▶ **Directions for this task**: Using the data below, transcribe exactly everything from the line that contains "Killstar x Twin" down to the line that contains "Visit by HM". Include both of those lines and none of the pictures.

▶ **Given data**:
'''
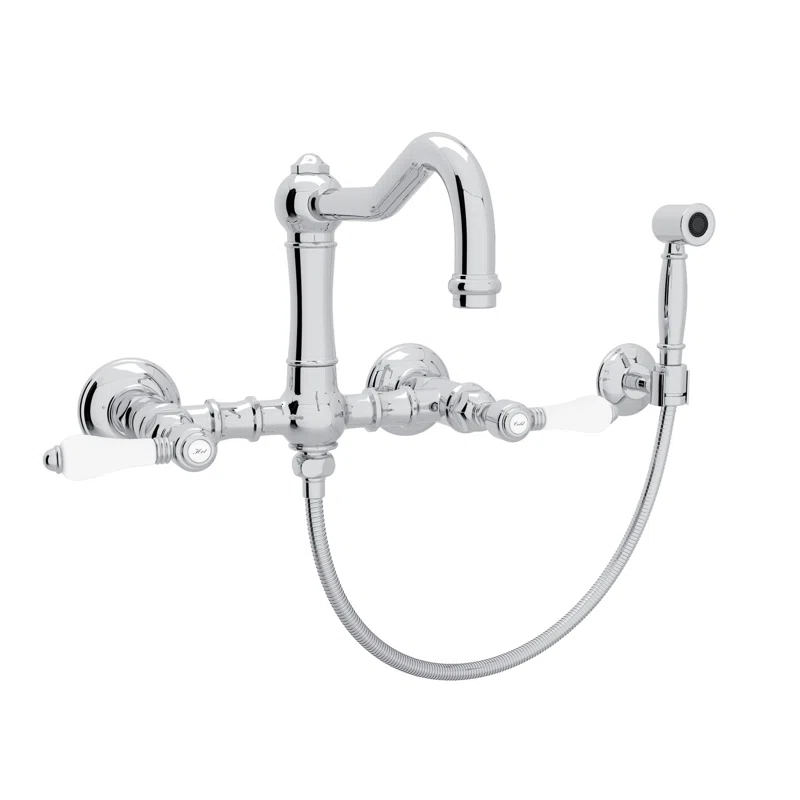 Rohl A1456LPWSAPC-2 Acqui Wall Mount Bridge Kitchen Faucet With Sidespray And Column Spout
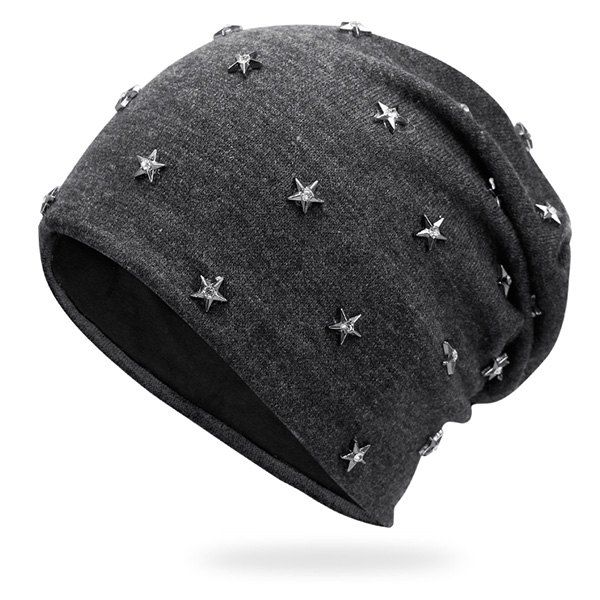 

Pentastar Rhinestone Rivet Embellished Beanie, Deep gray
'''
'''
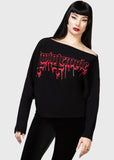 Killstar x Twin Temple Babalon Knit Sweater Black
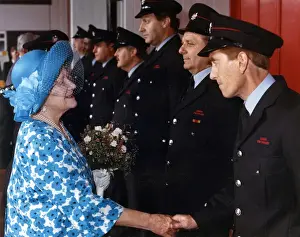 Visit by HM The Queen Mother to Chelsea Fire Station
'''
▶ **Result**:
 Killstar x Twin Temple Babalon Knit Sweater Black
 Visit by HM The Queen Mother to Chelsea Fire Station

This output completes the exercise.